*** Begin section ***
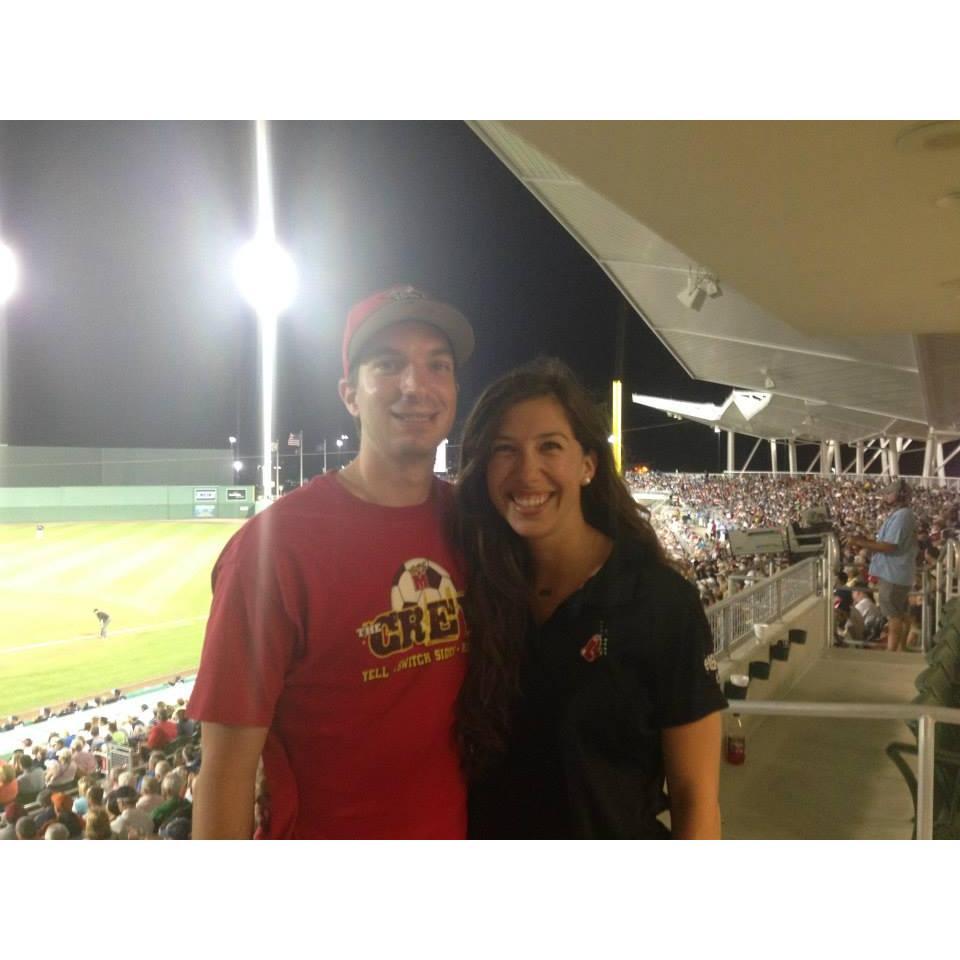 Madie was working for the Red Sox at their Spring Training complex and Scott drove all the way from Macomb to visit!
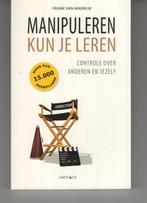 Manipuleren kun je leren Frank van Marwijk, Boeken, Zo goed als nieuw, Verzenden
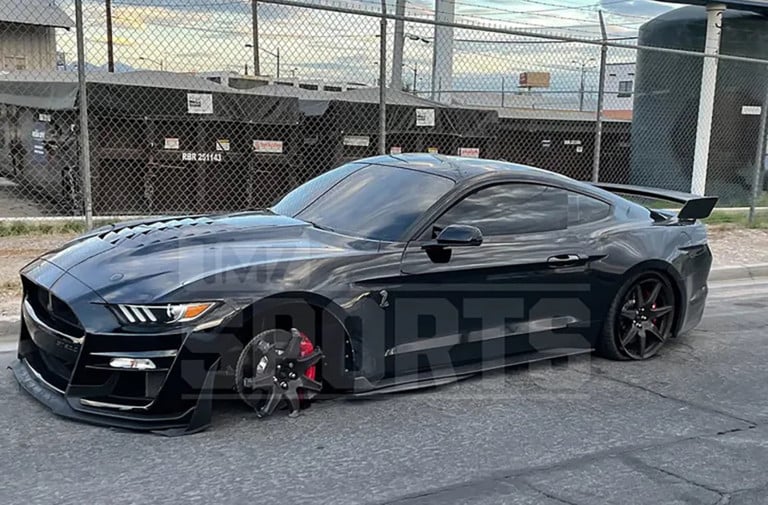 Former NFL Running Back Marshall Lynch's Shelby GT500 Takes A Hit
*** End section ***
Work to be completed
Print nothing except the lines from the one with "Manipuleren kun je" through the last line of the listing, exactly as written and with pictures removed.

Answer to the exercise
 Manipuleren kun je leren Frank van Marwijk, Boeken, Zo goed als nieuw, Verzenden
 Former NFL Running Back Marshall Lynch's Shelby GT500 Takes A Hit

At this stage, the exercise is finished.